Capturing New Zealand’s transmissions

Media Services equipment used to digitise content from older formats, with televisions showing footage from previous TV broadcasts, including Sir Paul Holmes.

Media Services equipment used to digitise content from older formats.

“New Zealand had its own history, its own politics, its own literature, which was every bit as important as that of Britain”

On the 1st June 1960 New Zealand experienced its first official television broadcast. Transmitting from the AKTV-2 Shortland Street studios a mixture of entertainment was on view including an episode of ‘The Adventures of Robin Hood’, an interview with visiting English ballerina Beryl Grey, and a live performance by the Howard Morrison Quartet1. The service rapidly expanded and by 1965 studios were operating in the four main centres, seven nights a week, for a total of 50 hours2.

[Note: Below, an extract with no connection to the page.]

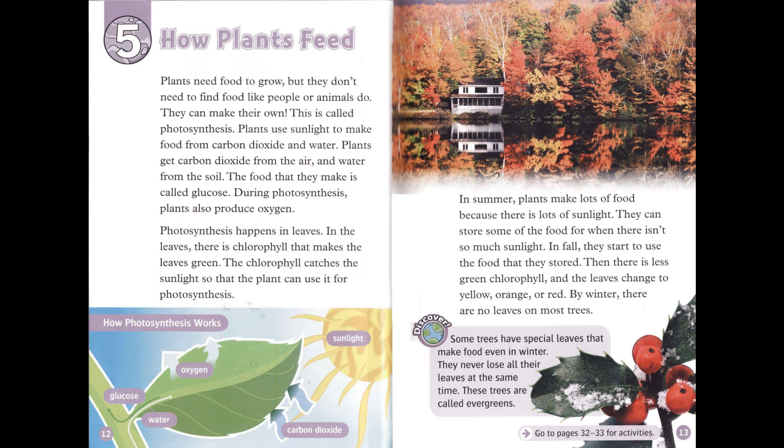Chapter 5: How Plants Feed. Plants need food to grow, but they don't need to find food like people or animals do. They can make their own. This is called photosynthesis. Plants use sunlight to make food from carbon dioxide and water. Plants get carbon dioxide from the air and water from the soil. The food that they make is called glucose. During photosynthesis, plants also produce oxygen. Photosynthesis happens in leaves. In the leaves, there is chlorophyll that makes the leaves green. The chlorophyll catches the sunlight so that the plant can use it for photosynthesis.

Broadcast media captured as a research resource

University of Auckland’s Professor Robert Chapman, who provided the country’s first televised election coverage, was a firm believer that “New Zealand had its own history, its own politics, its own literature, which was every bit as important as that of Britain”3. This led to him recording large numbers of radio and television broadcasts to inform his own research, eventually became a resource of the Politics and International Relations Department.

In 2011 these recordings became a key Libraries and Learning Services audio visual collection, known as the Chapman Archive. Broadcast media has come to Libraries and Learning Services from a number of other sources as well, including the Māori Studies Department, and the Faculty of Arts.

Still from On Line 1984 Election, with the Auckland city skyline in the background.

Television New Zealand. (Producer). (1984, Jun. 26). On Line: Election 1984 [Television series episode]. New Zealand: TVNZ. A television talk-back experiment, where politicians engaged in live phone-in dialogue with viewers.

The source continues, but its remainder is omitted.